Earlier on Wednesday, data showed U.S. producer prices coming in a little hotter for September. The U.S. producer price index rose 0.5% in September, down slightly from an 0.7% increase in August, but above the 0.3% advance that had been expected by economists polled by The Wall Street Journal.
While the policy-sensitive 2-year yield finished above 5% on Wednesday, safe-haven flows sent longer-term rates down for a second day. News that missiles had been fired from Lebanon at Israeli positions caused the initial dip in yields during European trading.
Meanwhile, many market participants continued to think the Fed may be done raising interest rates. Ahead of Thursday’s consumer price index report for September, fed funds futures traders priced in a 91.5% probability that the Fed will leave interest rates unchanged at between 5.25%-5.5% on Nov. 1, according to the CME FedWatch Tool. The chance of no action by December was seen at 72.1%.
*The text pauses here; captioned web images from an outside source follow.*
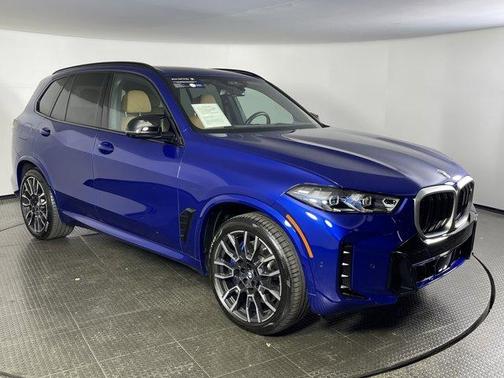 2025 BMW X5 M60i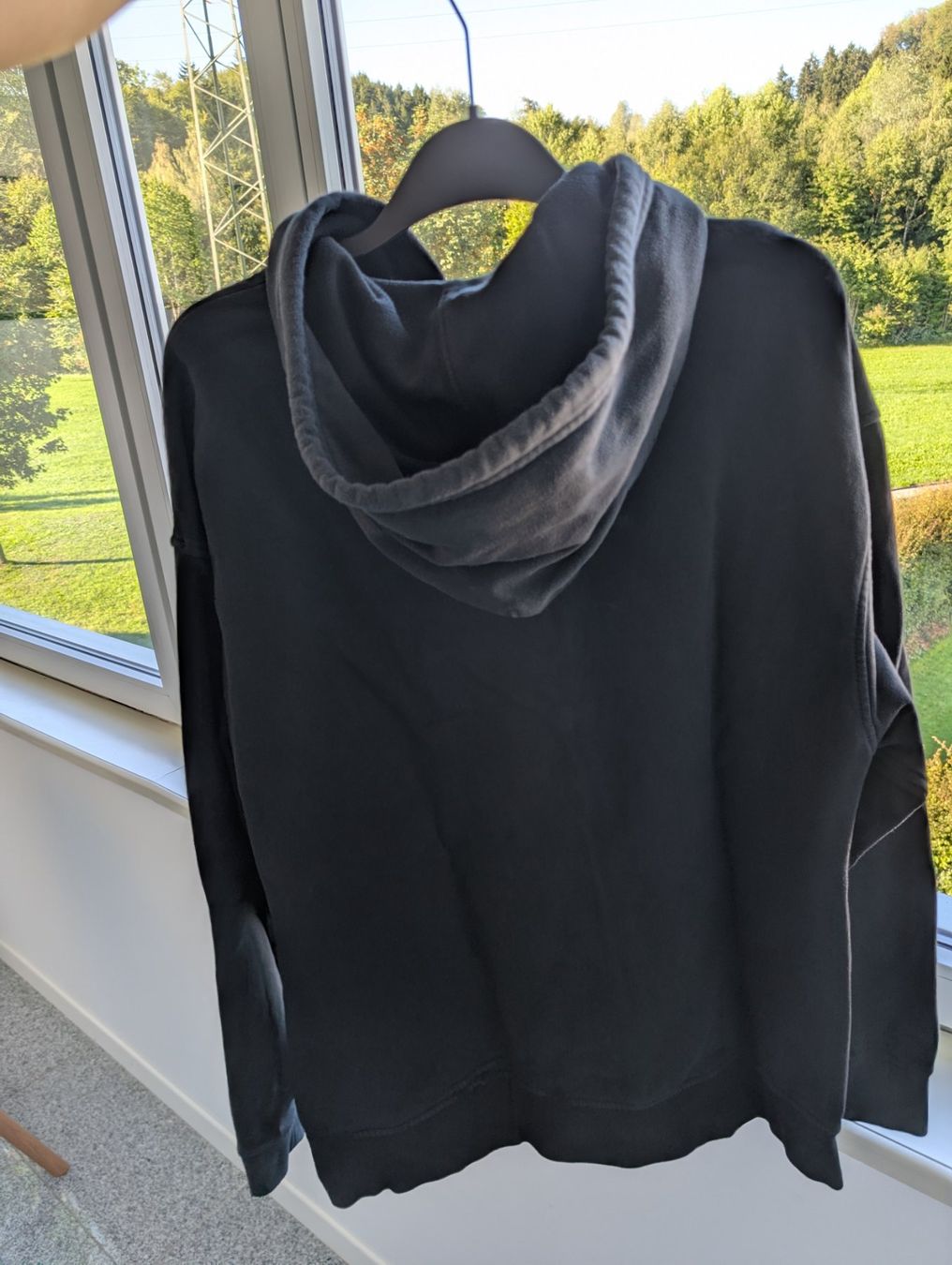 Levi's Maglioni & Felpe: Kapuzenpullover Levi's Grösse M – Usato da St. Gallen venduto da Soundtrue 1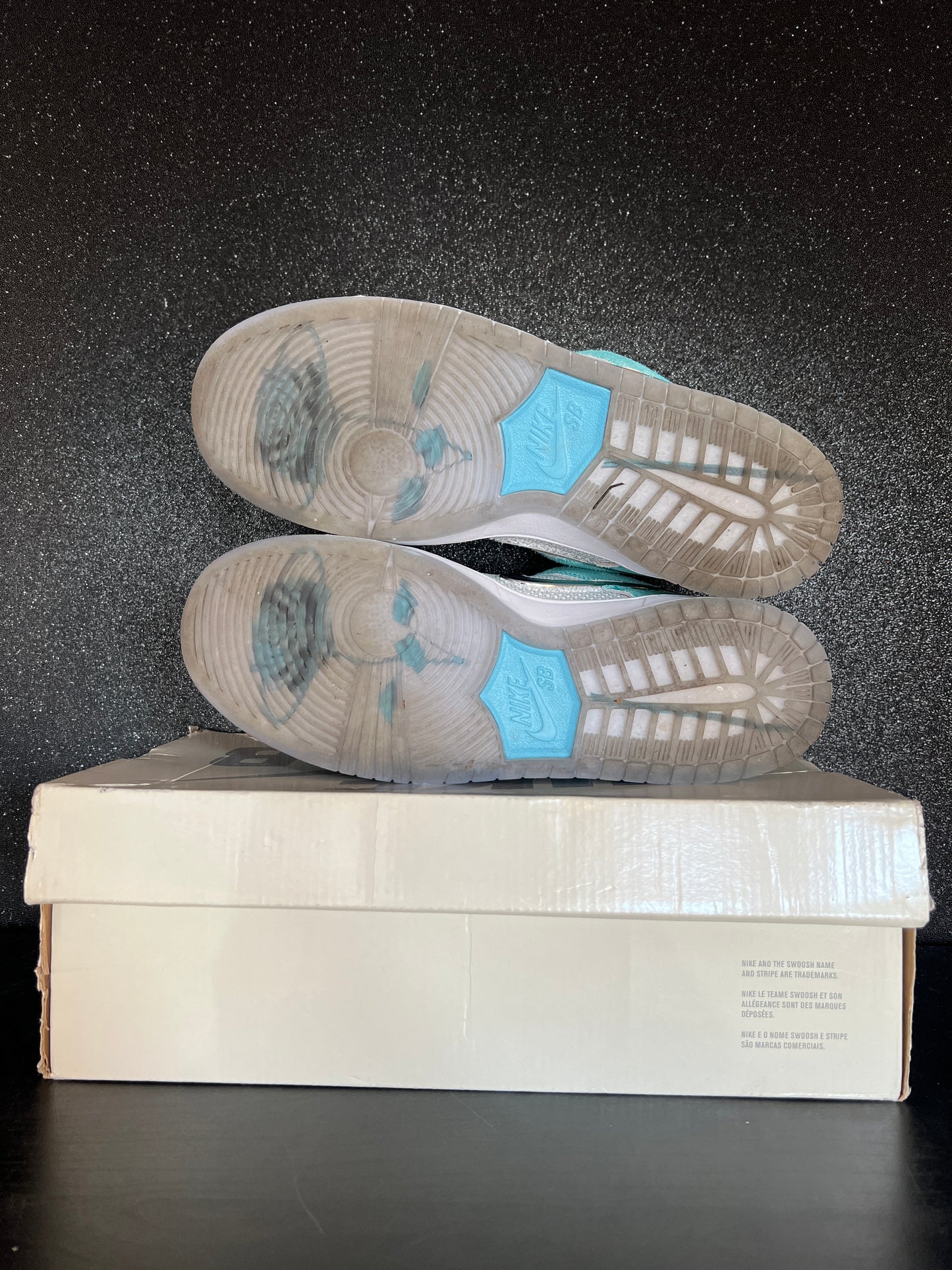 April Skateboards x Nike Dunk Low SB 'Turbo Green' Size 9 Preowned with box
Treasury’s $35 billion of 10-year notes on Wednesday came in weak, strategists said.
What analysts are saying
“After enjoying a rally underpinned by lower oil prices and Treasury yields edging lower, and bolstered by comments from Fed speakers that the Fed may be poised to complete its interest rate hiking campaign, financial markets may not be so certain that the Fed is unanimously wedded to the so-called ‘pivot,’” said Quincy Krosby, chief global strategist for LPL Financial in Charlotte, N.C.
With the producer price index indicating that prices are inching higher, markets are “concerned that if ‘sticky’ core inflation doesn’t untangle at [a] faster pace, the Fed may need another rate hike, after all,” Krosby said.